The second type of modern Anti-Conservationist is motivated not by ideology or a dedication to what this country stands for. Their interest is not to be left alone simply for the sake of being left alone, but because of the cost regulation imposes. This second group is the corporate Anti-Conservationists - Mining, Timber, Agriculture, Petroleum and Chemical producers, All Terrain Vehicle manufacturers and others who stand to profit, sometimes enormously, from deregulation. This group is not nearly as directly visible or vocal. Instead, their message is often carried by their customers and by the employees of these industries, people who are persuaded by their employers that regulations threaten their jobs. But whatever their identity or motivation, this paper is a look at the activities of Anti-Conservationists in America's Heartland.
Chapter I draws heavily on The War Against the Greens, by David Helvarg. That book provides a fascinating and frightening insight into the violent fringe of the anti-conservation Wise Use movement. Rather than disrupt the flow of that chapter with endless footnotes, I acknowledge his work up front and recommend The War Against the Greens in its entirety to readers who want a detailed examination of the origins, development and violent tendencies of Wise Use.
This paper is not so ambitious. It seeks only to identify in the Midwest those people, groups and policy initiatives which fit into the national Anti-Conservation picture. It seeks to accomplish this through interviews with dozens of individuals throughout the region who have worked on issues which have brought them in contact with some manifestation of the Anti-Conservation Movement. This is a compilation of their collective experiences.
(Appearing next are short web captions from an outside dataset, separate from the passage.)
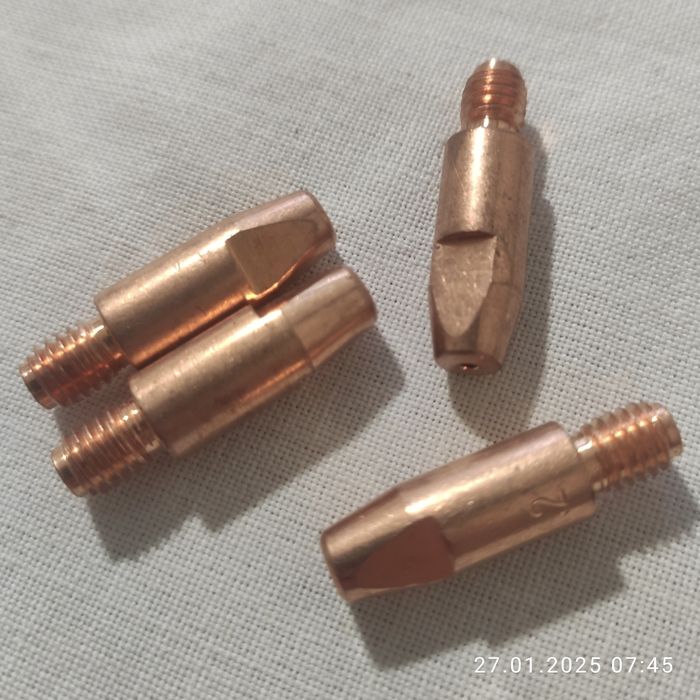 Токознімний накінечник для зварювальних напівавтоматів E-Cu - M6 D 1,6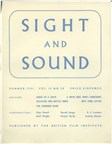 SIGHT AND SOUND (30s-90s) magazine side cover Issue 38 June/July/August 1941
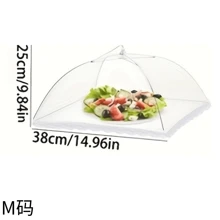 Haltbare große Pop-up Weiße Mesh Lebensmittel-Abdeckung Zelt - zusammenfaltbar und waschbar, ideal für Outdoor und Küche, Picknick, Grillen und Partys, Frühstück und Buffet Speisen-Präsentation | Transparentes Mesh-Design | Tragbare Lebensmittel-Abdeckung Unterstand, unerlässlich für Picknicks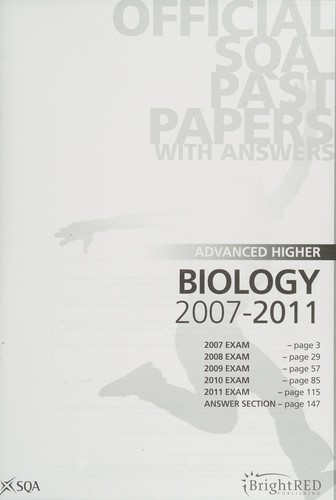 Advanced Higher Biology 2007-2011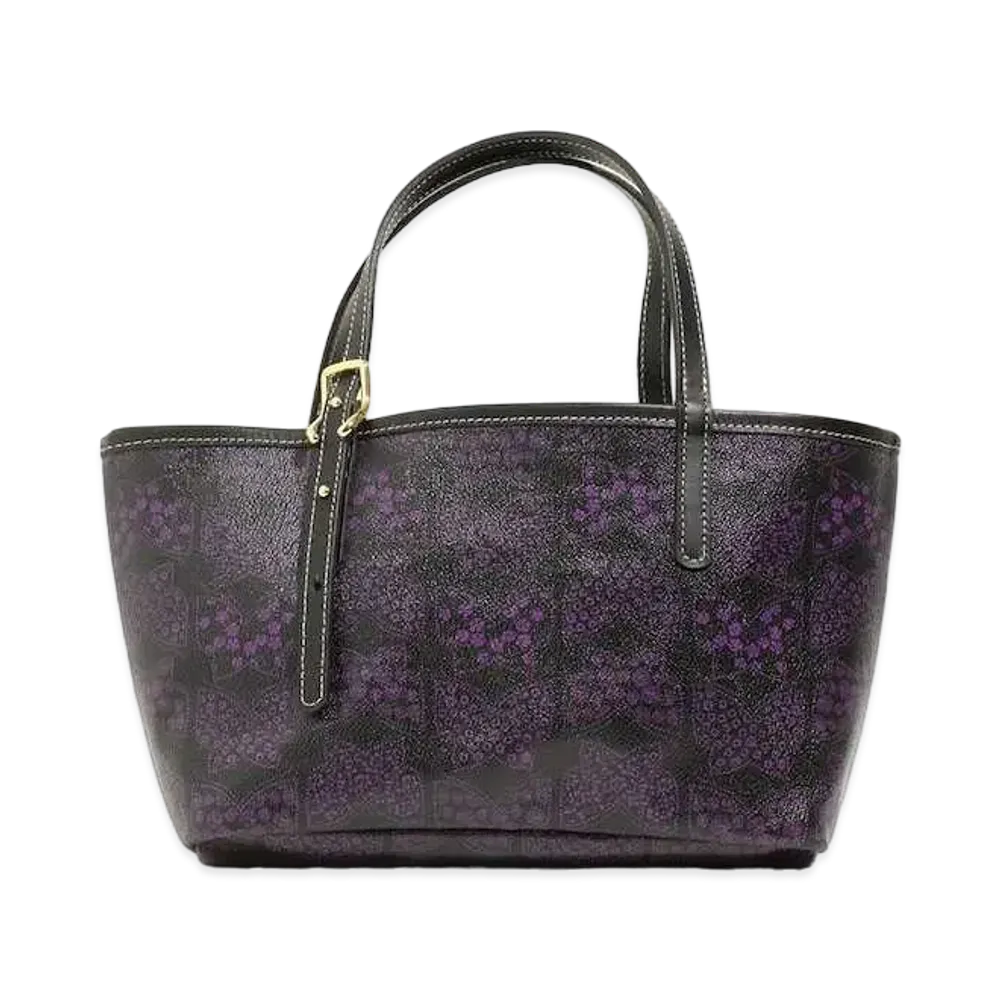 Needles LTHR. HANDLE SMALL TOTE - PAPILLON PVC "Black"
Chapter III, which focuses on Wisconsin, includes a detailed examination of campaign contributing by industries which would benefit from adoption of all or part of the Anti-Conservation agenda. The findings may surprise, or they may simply confirm suspicions. We encourage readers to review the methodology and invite them to perform similar analyses in other states. We would like to learn of your findings and hereby extend an offer of whatever help we can give. A study of how money impacts policy and an analysis of who is winning and who is losing can help to expose the Anti-Conservation Movenent for what it is -- elevating greed and profit above health, safety and future wild places.